Documentation search results relevance improvements
Searching for "through" finds nothing:
This search should link at least these:
https://docs.djangoproject.com/en/3.2/topics/db/models/#extra-fields-on-many-to-many-relationships https://docs.djangoproject.com/en/3.2/ref/models/fields/#django.db.models.ManyToManyField.through
In English, the word "through" is a stopword and is ignored in the search against the English dictionary used in PostgreSQL.
From the PostgreSQL documentation:
Stop words are words that are very common, appear in almost every document, and have no discrimination value. Therefore, they can be ignored in the context of full text searching. For example, every English text contains words like a and the, so it is useless to store them in an index.
The English word "through" is not a stopword in another dictionary for example the Italian dictionary, and in fact the search in this language shows results:
https://docs.djangoproject.com/it/3.2/search/?q=through
I figured it might be something like that. Framework function names and stuff should bypass that logic somehow.
@boxed I don't think "through" is the only stopwords that matter in search. Perhaps it would be useful to have a list of these words and then think of a way to ensure that they are not discarded. Could you write a list of words not to be deleted starting from the official PostgreSQL stopwords list? https://github.com/postgres/postgres/blob/master/src/backend/snowball/stopwords/english.stop
Hm.. I don't know about a complete list. But certainly "where" is suspicious as it's a keyword in SQL. This becomes a bit tricky as "where" should probably just be searched when it's in a code block like select or similar. I think "now" is a bit doubtful it should be excluded too as it could be something you want to search for like datetime.now which I guess the current implementation just interprets as "datetime".
That's what I could find reading through this list. I think one could image a solution where the search is run and there are no hits, then it's re-run but ignoring stopwords. This would fix the worst case at least.

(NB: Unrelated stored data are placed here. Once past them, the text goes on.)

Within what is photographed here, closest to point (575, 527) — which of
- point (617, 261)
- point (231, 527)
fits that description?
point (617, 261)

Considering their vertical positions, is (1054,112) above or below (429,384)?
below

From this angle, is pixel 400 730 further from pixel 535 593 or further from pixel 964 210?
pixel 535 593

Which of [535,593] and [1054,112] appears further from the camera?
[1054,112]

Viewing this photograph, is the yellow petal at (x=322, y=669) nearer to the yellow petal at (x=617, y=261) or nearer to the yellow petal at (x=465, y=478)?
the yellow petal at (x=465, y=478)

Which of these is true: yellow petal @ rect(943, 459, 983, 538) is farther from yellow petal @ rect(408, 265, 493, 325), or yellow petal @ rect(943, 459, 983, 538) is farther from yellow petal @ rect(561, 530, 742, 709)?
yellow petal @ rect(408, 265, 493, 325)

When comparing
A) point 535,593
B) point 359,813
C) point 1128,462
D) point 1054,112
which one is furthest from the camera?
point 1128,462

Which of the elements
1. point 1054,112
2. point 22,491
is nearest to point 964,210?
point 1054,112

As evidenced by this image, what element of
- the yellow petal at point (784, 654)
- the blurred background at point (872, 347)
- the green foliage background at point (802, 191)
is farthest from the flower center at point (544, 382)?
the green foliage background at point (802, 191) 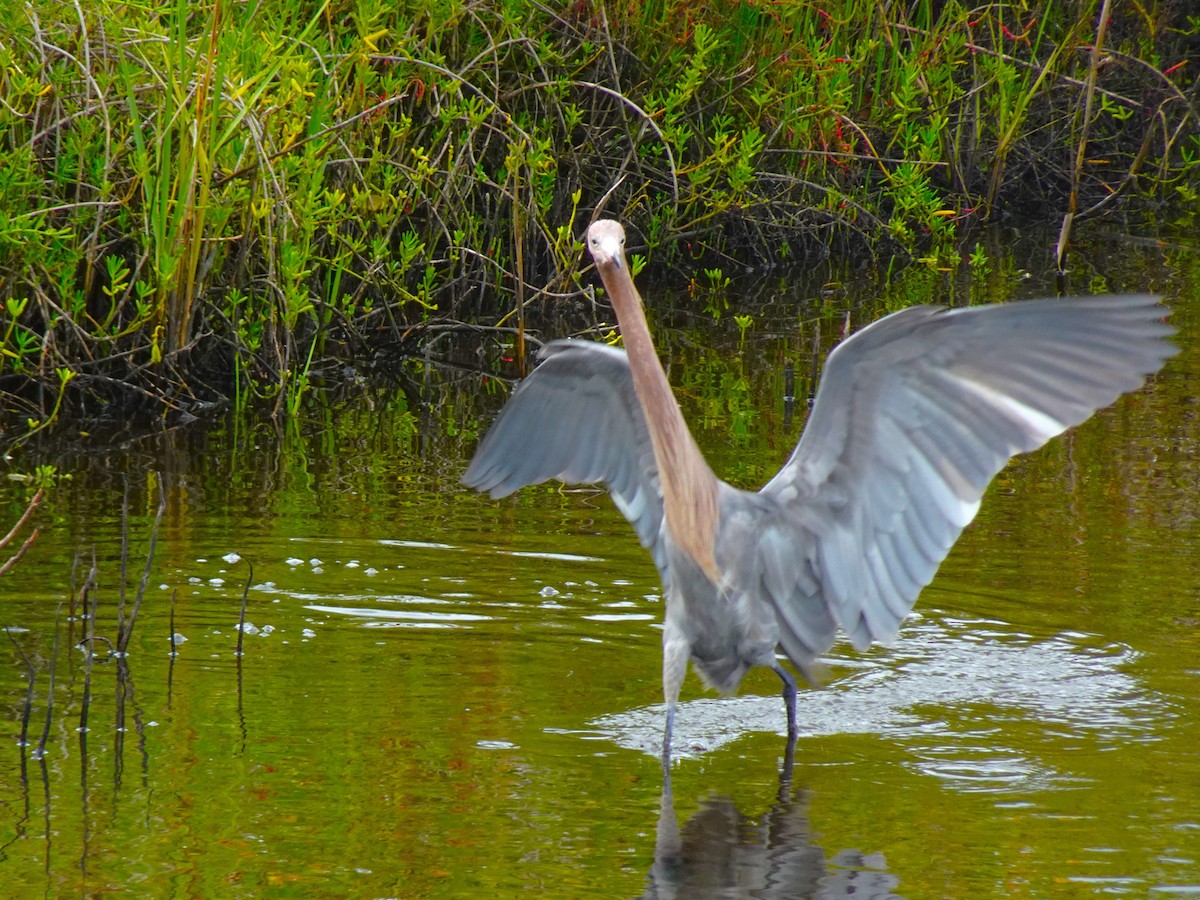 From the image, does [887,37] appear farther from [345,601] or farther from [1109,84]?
[345,601]

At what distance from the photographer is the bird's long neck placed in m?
4.41

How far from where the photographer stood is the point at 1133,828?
384 centimetres

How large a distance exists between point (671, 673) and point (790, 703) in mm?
346

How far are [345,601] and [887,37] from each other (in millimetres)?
7066

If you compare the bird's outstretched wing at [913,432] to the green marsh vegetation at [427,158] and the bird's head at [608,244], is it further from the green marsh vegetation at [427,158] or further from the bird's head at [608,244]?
the green marsh vegetation at [427,158]

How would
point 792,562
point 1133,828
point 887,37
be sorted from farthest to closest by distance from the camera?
1. point 887,37
2. point 792,562
3. point 1133,828

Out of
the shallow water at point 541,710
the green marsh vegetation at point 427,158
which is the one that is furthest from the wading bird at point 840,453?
the green marsh vegetation at point 427,158

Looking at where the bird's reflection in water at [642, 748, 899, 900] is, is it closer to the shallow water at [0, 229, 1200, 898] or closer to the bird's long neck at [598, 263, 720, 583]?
the shallow water at [0, 229, 1200, 898]

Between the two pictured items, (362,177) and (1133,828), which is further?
(362,177)

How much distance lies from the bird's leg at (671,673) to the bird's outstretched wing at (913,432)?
0.33 metres

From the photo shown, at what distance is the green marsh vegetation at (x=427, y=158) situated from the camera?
6973mm

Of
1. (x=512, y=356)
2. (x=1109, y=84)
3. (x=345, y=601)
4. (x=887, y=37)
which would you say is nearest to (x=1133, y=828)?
(x=345, y=601)

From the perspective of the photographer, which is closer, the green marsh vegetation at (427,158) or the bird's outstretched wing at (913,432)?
the bird's outstretched wing at (913,432)

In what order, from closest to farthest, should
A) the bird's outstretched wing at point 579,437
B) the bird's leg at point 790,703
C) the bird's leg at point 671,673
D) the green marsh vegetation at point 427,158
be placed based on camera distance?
1. the bird's leg at point 671,673
2. the bird's leg at point 790,703
3. the bird's outstretched wing at point 579,437
4. the green marsh vegetation at point 427,158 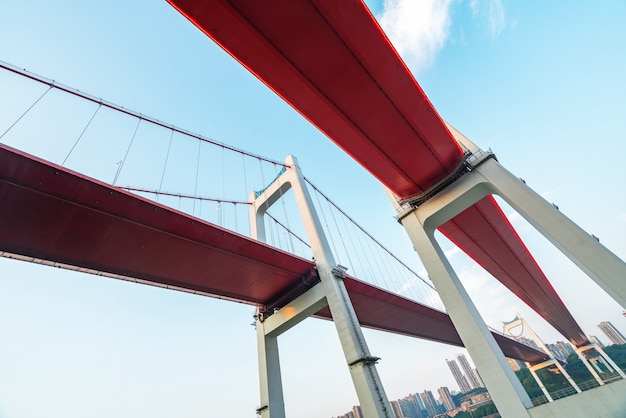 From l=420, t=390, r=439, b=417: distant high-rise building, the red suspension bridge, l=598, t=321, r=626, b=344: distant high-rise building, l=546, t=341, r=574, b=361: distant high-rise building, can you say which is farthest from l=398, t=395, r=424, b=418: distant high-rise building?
the red suspension bridge

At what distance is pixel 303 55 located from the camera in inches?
181

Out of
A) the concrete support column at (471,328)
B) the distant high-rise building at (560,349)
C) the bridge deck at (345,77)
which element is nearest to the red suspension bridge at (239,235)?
the bridge deck at (345,77)

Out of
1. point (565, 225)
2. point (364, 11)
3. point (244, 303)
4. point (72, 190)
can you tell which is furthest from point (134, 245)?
point (565, 225)

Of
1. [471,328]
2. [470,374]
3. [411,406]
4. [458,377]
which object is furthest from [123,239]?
[411,406]

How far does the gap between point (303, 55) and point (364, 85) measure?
128 cm

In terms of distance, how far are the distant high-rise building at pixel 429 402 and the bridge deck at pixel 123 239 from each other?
102 m

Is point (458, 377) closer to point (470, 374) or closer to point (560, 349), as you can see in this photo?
point (470, 374)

This issue has been automatically marked as stale because it has not had recent activity. It will be closed if no further activity occurs. Thank you for your contributions.
We can try to create a custom English dictionary without relevant words for Django.

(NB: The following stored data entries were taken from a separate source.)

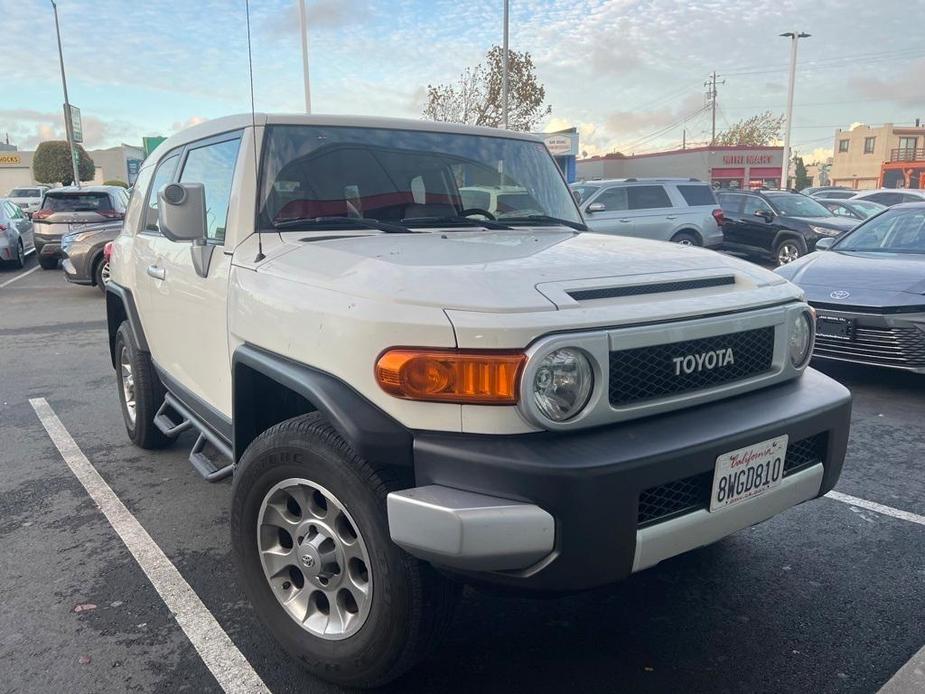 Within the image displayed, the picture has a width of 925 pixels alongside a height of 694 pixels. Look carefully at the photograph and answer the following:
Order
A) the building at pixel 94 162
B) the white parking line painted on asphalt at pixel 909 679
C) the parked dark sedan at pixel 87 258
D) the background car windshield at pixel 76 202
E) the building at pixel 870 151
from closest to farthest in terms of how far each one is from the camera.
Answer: the white parking line painted on asphalt at pixel 909 679 → the parked dark sedan at pixel 87 258 → the background car windshield at pixel 76 202 → the building at pixel 94 162 → the building at pixel 870 151

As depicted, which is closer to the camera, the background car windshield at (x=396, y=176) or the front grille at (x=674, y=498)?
the front grille at (x=674, y=498)

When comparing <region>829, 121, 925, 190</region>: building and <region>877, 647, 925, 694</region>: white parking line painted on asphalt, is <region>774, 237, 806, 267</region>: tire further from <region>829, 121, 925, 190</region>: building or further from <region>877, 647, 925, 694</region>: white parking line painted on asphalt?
<region>829, 121, 925, 190</region>: building

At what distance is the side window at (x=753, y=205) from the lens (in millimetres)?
14602

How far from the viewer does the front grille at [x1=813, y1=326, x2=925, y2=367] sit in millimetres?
5352

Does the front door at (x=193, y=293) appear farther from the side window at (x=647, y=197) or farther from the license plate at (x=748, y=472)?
the side window at (x=647, y=197)

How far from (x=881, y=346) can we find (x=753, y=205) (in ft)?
33.0

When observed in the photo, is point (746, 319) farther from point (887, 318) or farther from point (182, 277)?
point (887, 318)

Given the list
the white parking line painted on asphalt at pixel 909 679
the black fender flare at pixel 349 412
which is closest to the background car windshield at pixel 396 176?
the black fender flare at pixel 349 412

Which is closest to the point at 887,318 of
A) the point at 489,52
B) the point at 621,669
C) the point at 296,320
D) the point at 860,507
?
the point at 860,507

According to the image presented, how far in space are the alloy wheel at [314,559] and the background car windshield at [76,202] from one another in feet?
45.5

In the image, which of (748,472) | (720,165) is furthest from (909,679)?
(720,165)

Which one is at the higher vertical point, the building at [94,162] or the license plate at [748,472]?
the building at [94,162]

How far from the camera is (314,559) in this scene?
7.82 ft

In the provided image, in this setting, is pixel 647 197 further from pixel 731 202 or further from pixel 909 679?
pixel 909 679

Noting the issue with stopwords – and also from #1496, we got the following recommendation:
Optimize the Documentation Search Algorithm: Evaluate the improvement of the internal search algorithm to provide more accurate and relevant results in response to user queries.
I’ve re-titled the issue accordingly so we consider more improvements than just stopwords refinements.

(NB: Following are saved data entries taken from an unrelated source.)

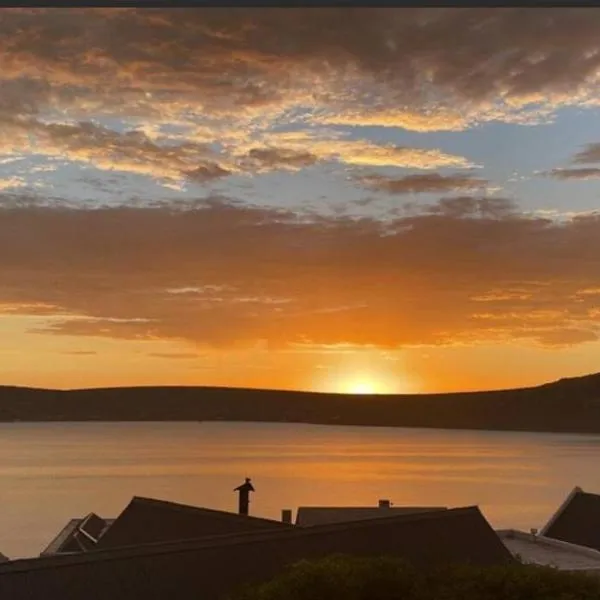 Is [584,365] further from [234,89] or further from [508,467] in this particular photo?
[508,467]

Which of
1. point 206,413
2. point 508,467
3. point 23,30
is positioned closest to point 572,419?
point 206,413

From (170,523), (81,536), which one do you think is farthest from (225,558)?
(81,536)

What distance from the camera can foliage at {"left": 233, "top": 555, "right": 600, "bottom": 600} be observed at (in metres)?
1.92

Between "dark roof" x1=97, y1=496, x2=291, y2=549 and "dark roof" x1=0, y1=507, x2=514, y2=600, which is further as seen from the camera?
"dark roof" x1=97, y1=496, x2=291, y2=549

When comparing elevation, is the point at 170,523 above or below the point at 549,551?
above

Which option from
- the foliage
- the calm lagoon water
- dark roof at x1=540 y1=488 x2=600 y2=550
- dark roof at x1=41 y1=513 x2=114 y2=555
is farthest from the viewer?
the calm lagoon water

Related: Site-wide search #1499.
Considering this simple and limited scope change has seen no improvement in several years, I don't think broadening the scope of the issue is a good idea.
Talking about this issue not moving forward... Could we maybe consider building something simple in front of the current code that does a very simple string matching on just the titles in the documentation and showing that first? Maybe other hard coded searches could be added too, since for example searching "group by" shows nothing of relevance.
If anyone really wants to fix the issue with stopwords only – that’s still as welcome as it was until now.
This is a volunteer-run project, and this hasn’t been picked up in three years of it being defined as quite a narrow improvement. I think putting this in the broader context of search improvements will make it clearer to potential contributors what the goal here is. Personally what I’d like to see is a more strategic approach to this where we look at analytics on what searches are being made that have 0 results.
I don’t like the idea of hard-coded searches as we simply don’t have the capacity to maintain that kind of content. I’d rather we set up boosting based on headings (if that’s not already the case).
I agree on the statistics being very useful.